RECORD EXCERPTS:
========
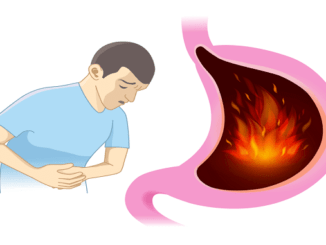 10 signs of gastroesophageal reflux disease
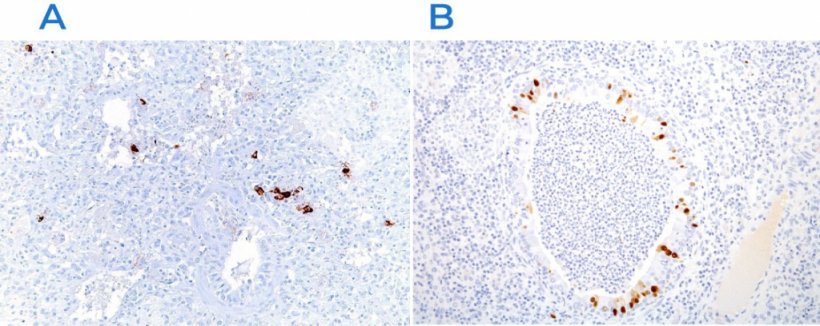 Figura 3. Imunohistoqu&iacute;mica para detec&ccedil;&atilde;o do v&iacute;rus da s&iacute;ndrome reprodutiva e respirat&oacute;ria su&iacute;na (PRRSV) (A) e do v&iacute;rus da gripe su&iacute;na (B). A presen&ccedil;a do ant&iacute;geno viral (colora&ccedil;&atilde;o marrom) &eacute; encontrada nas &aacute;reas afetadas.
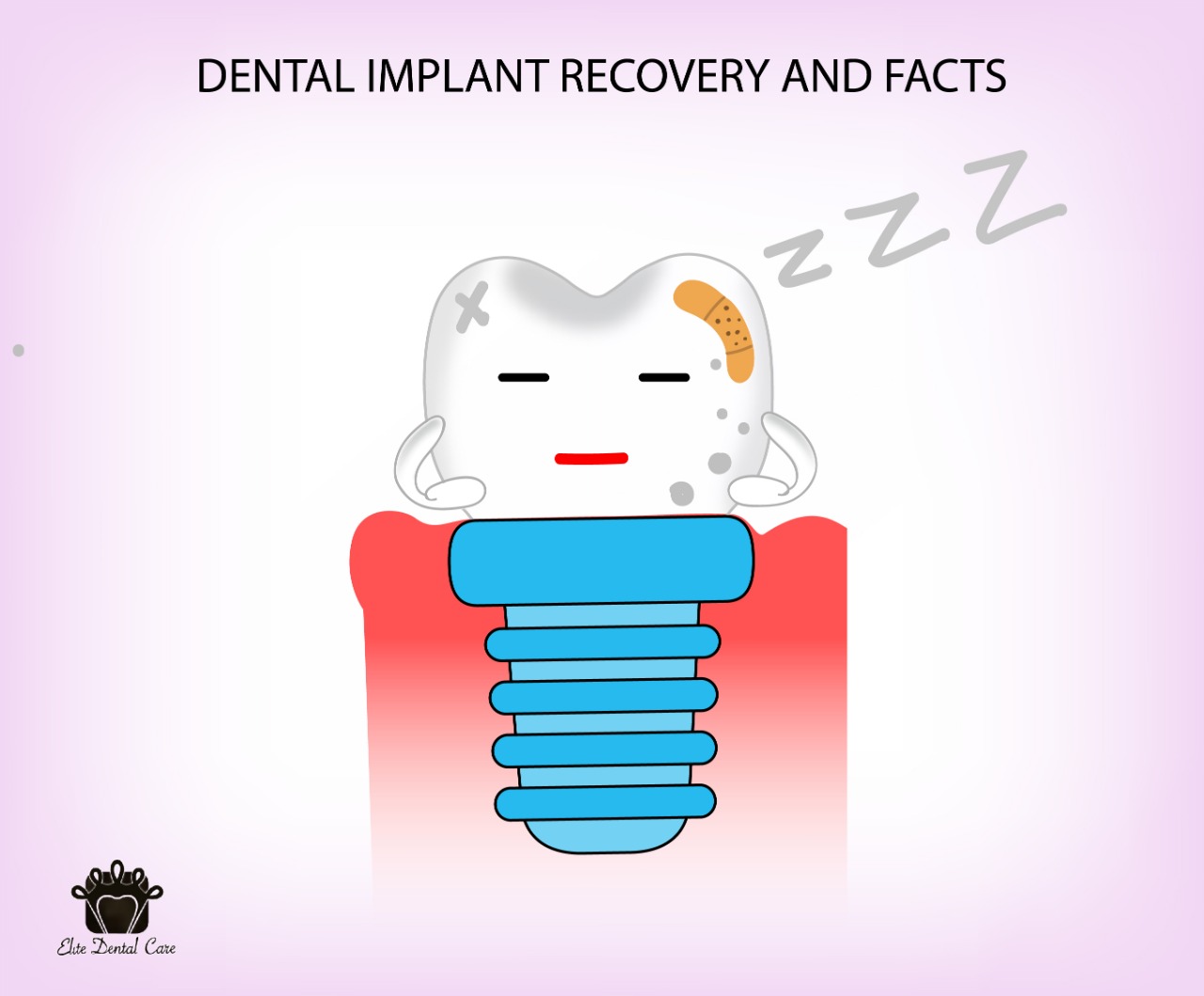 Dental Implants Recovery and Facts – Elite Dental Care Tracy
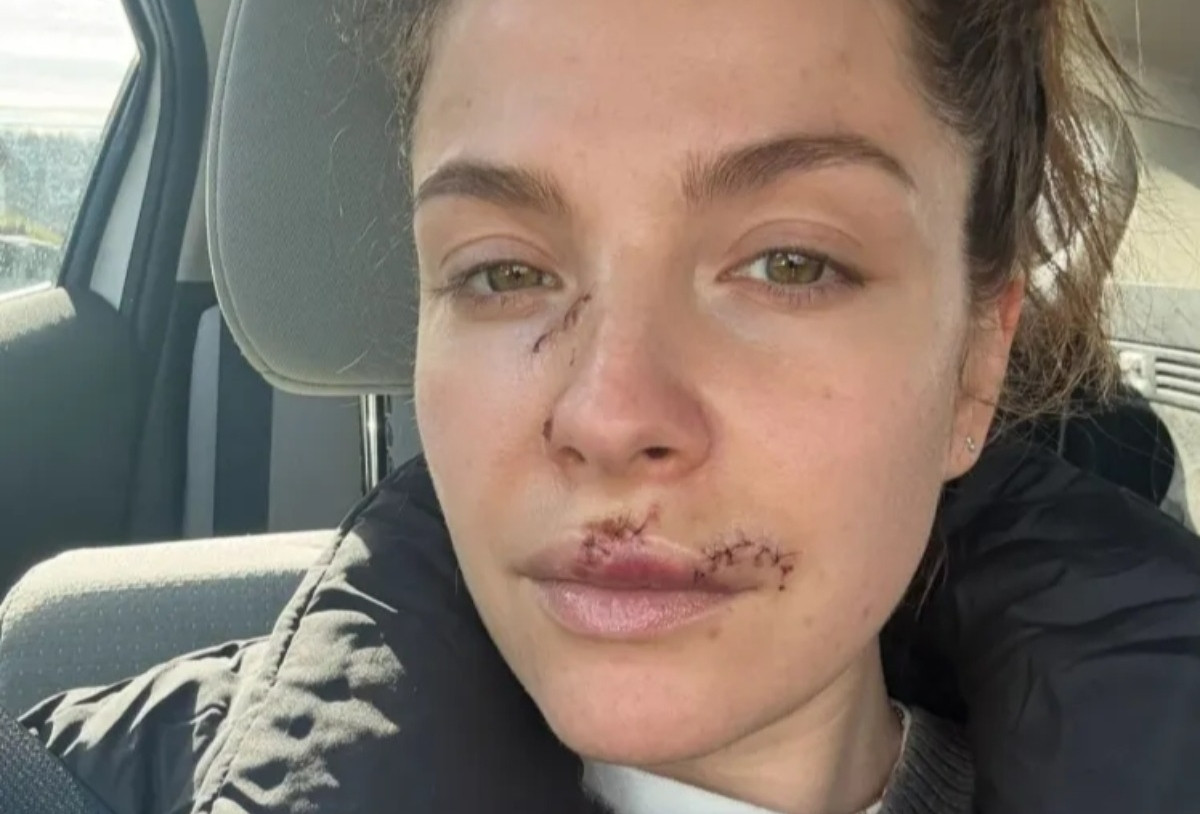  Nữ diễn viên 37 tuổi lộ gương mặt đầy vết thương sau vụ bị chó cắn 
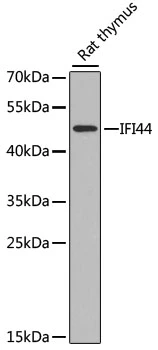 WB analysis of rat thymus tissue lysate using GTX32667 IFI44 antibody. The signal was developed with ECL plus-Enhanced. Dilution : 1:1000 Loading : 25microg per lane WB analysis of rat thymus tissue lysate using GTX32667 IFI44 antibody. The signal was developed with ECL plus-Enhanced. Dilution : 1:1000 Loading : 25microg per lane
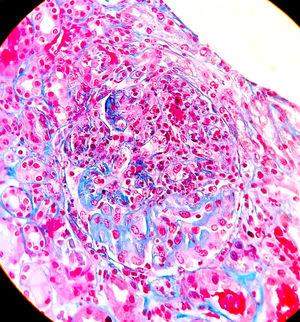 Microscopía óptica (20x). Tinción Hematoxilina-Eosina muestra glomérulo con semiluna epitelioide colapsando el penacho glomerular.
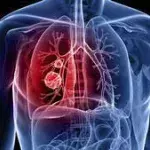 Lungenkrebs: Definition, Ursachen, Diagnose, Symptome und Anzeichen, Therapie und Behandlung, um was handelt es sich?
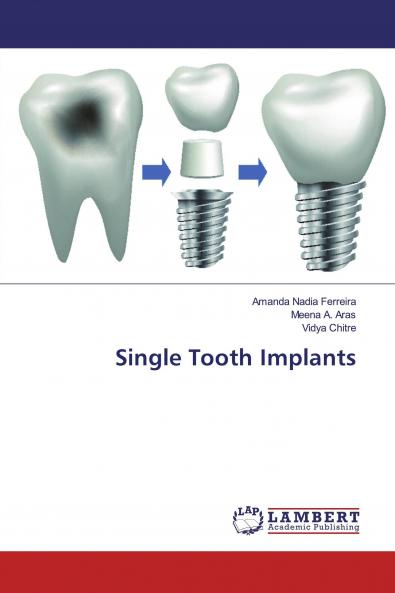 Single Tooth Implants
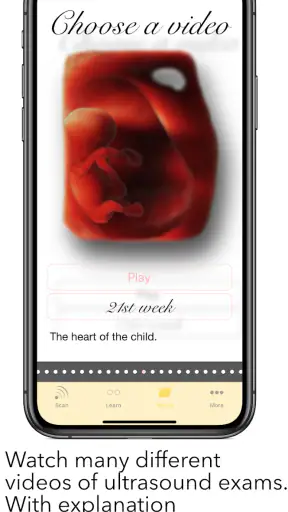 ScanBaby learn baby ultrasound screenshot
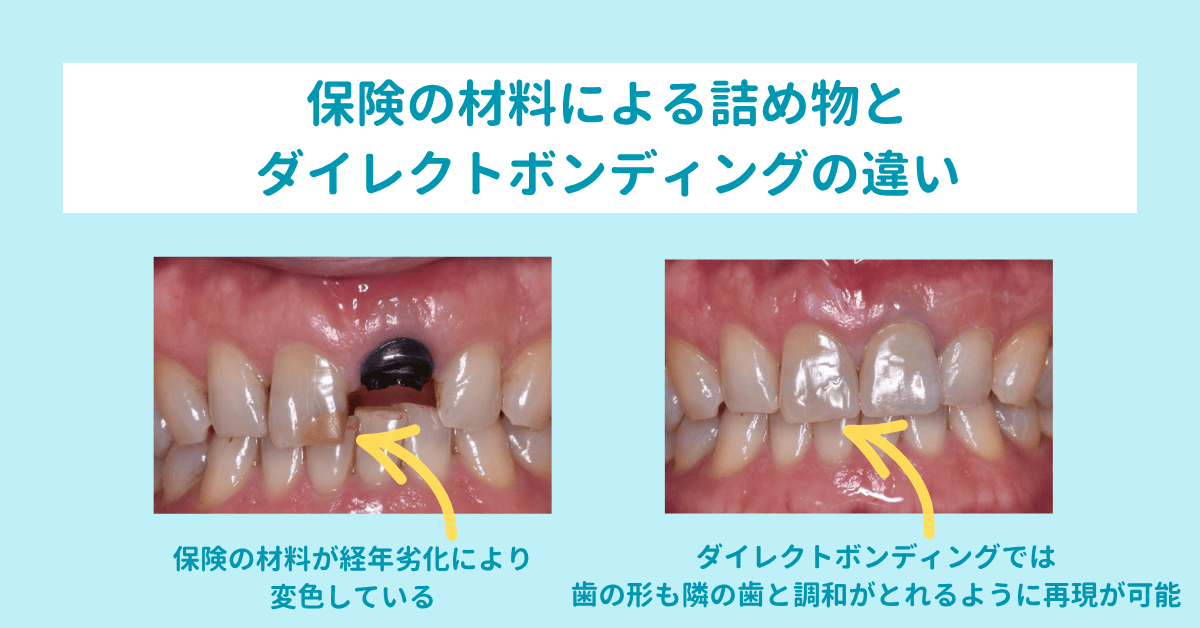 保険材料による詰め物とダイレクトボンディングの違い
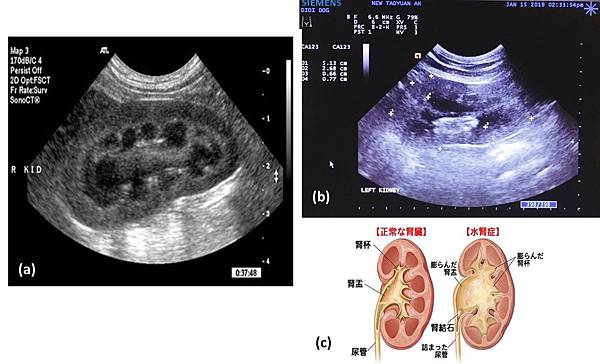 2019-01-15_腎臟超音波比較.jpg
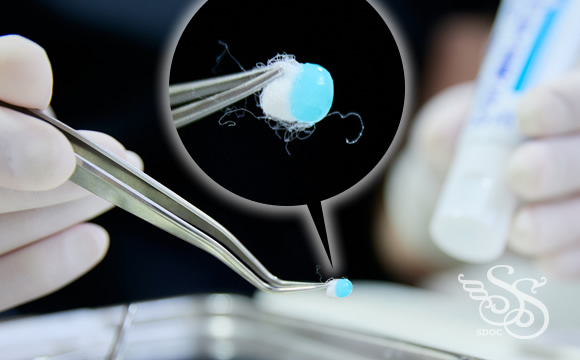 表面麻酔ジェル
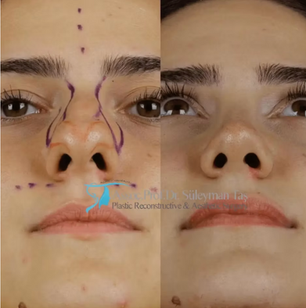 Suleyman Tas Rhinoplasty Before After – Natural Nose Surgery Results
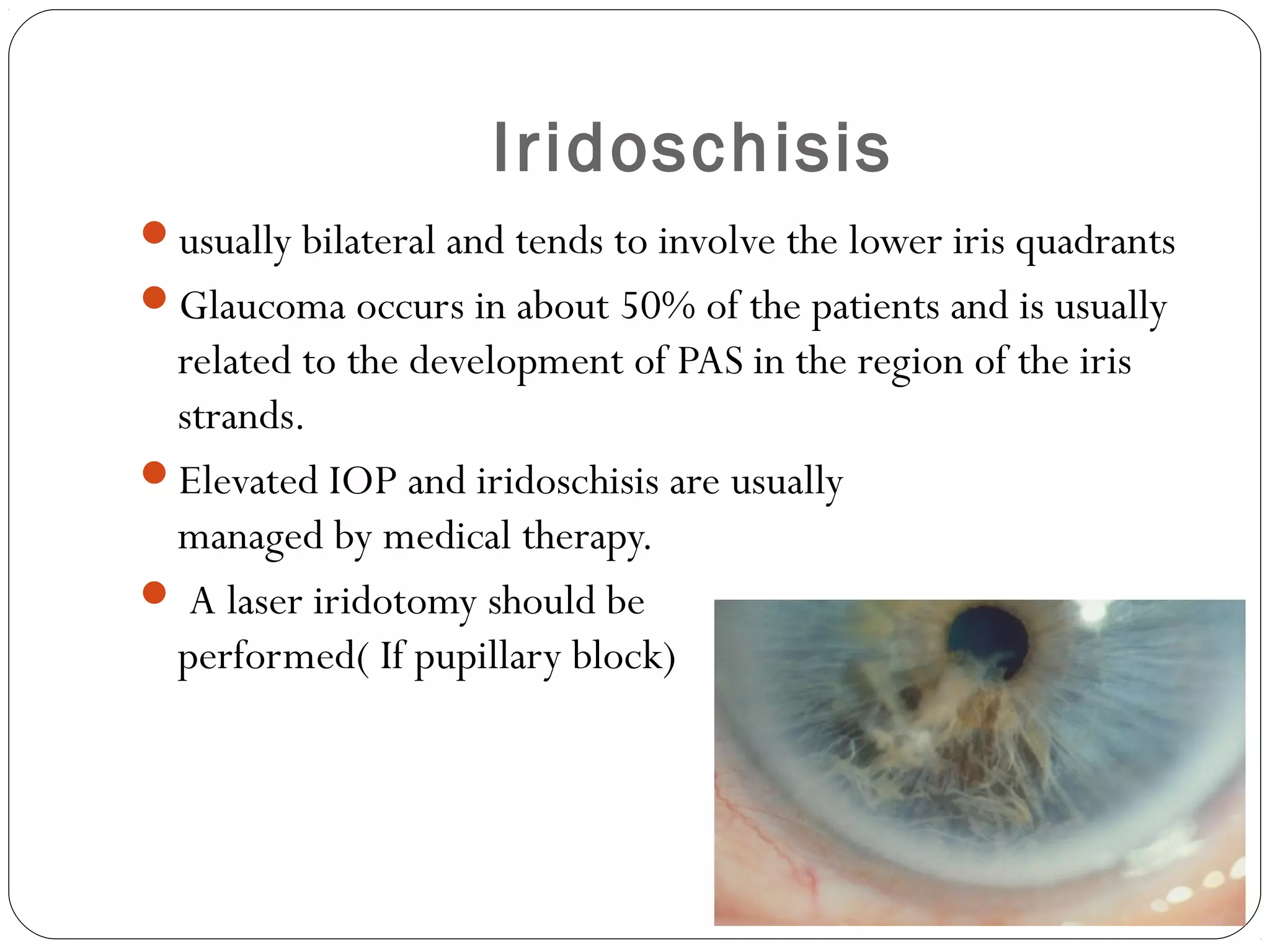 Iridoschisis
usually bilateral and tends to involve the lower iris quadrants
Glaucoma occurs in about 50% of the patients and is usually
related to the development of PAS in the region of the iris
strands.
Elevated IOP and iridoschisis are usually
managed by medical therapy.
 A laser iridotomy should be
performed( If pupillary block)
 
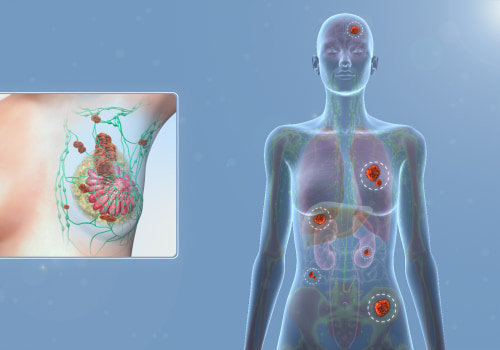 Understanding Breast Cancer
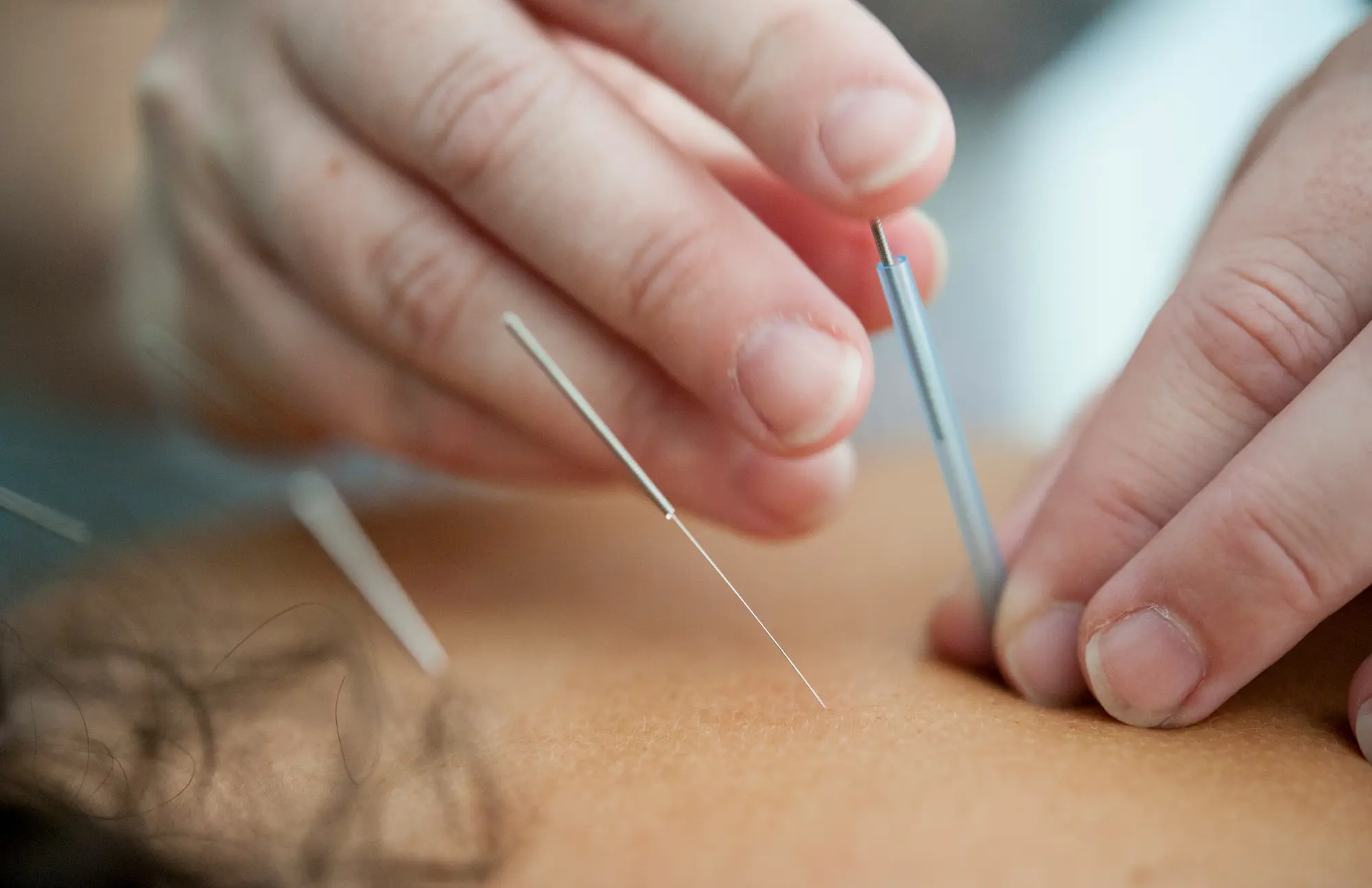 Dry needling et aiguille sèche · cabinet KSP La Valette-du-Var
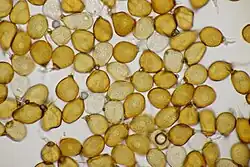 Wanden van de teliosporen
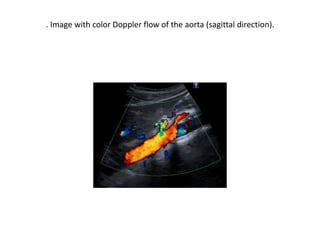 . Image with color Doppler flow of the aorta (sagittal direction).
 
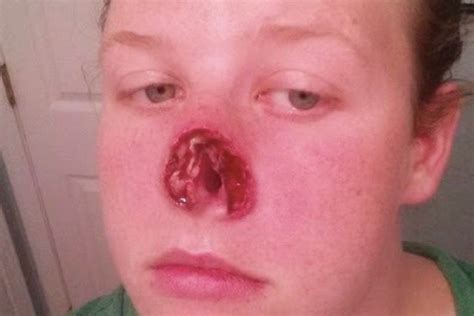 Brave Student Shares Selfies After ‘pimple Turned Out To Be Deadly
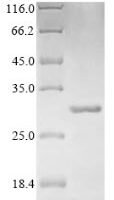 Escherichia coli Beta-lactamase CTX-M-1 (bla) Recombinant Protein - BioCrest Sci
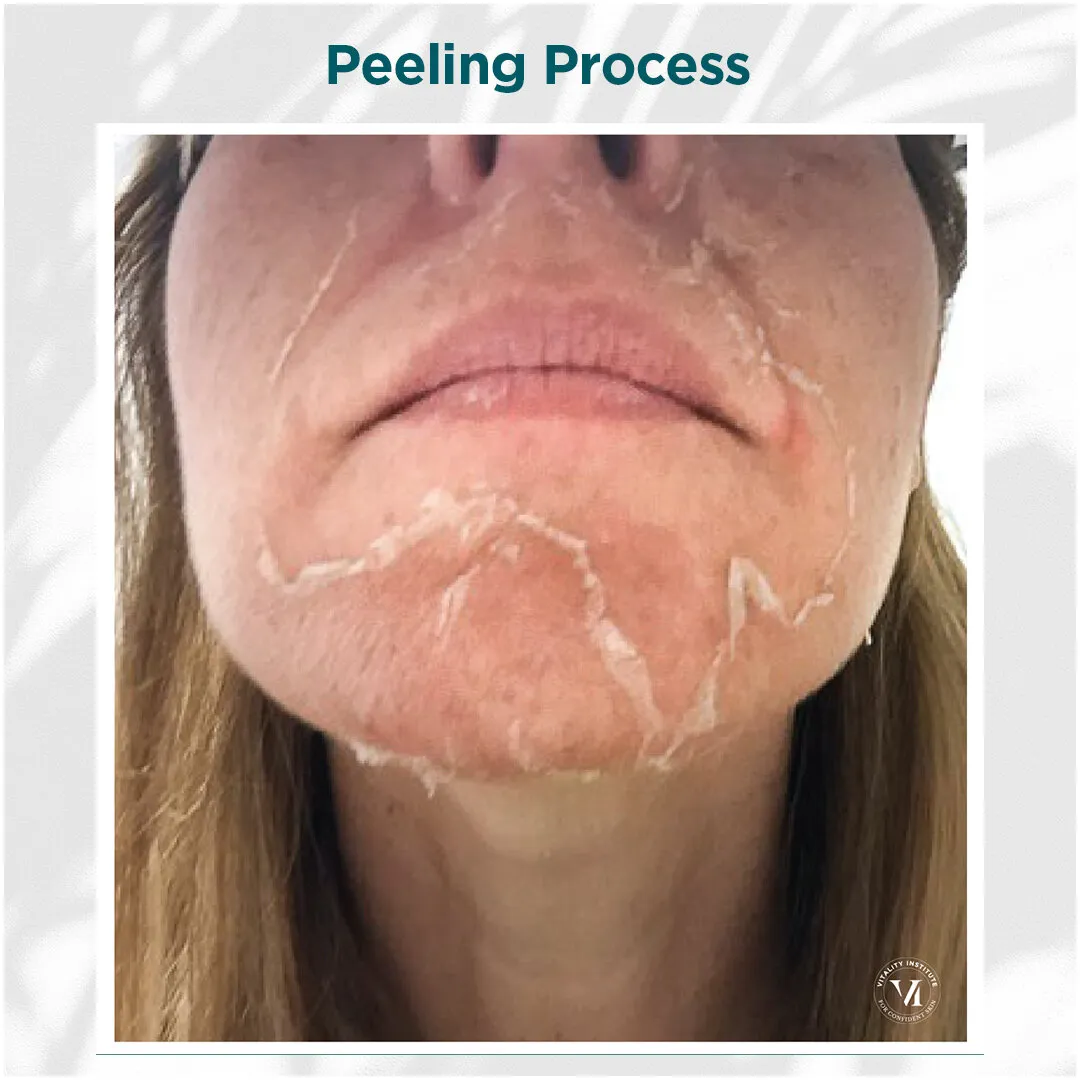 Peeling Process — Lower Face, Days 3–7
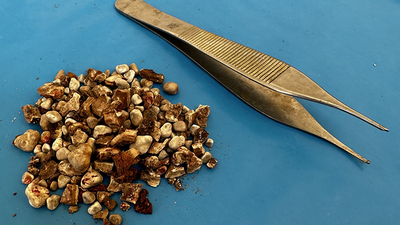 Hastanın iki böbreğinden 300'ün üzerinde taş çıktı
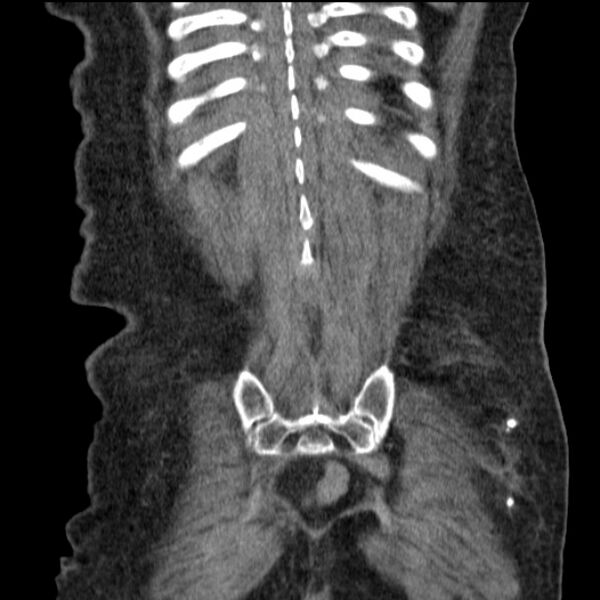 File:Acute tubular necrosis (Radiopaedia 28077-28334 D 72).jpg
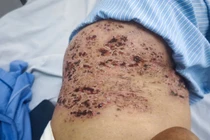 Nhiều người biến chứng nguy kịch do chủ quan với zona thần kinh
========
ASSIGNMENT: Reproduce exactly and only the lines from the one with "Wanden van de teliosporen" through the final line of the records above, inclusive. Pictures must be left out.

COMPLETED TASK:
 Wanden van de teliosporen
 . Image with color Doppler flow of the aorta (sagittal direction).
 
 Brave Student Shares Selfies After ‘pimple Turned Out To Be Deadly
 Escherichia coli Beta-lactamase CTX-M-1 (bla) Recombinant Protein - BioCrest Sci
 Peeling Process — Lower Face, Days 3–7
 Hastanın iki böbreğinden 300'ün üzerinde taş çıktı
 File:Acute tubular necrosis (Radiopaedia 28077-28334 D 72).jpg
 Nhiều người biến chứng nguy kịch do chủ quan với zona thần kinh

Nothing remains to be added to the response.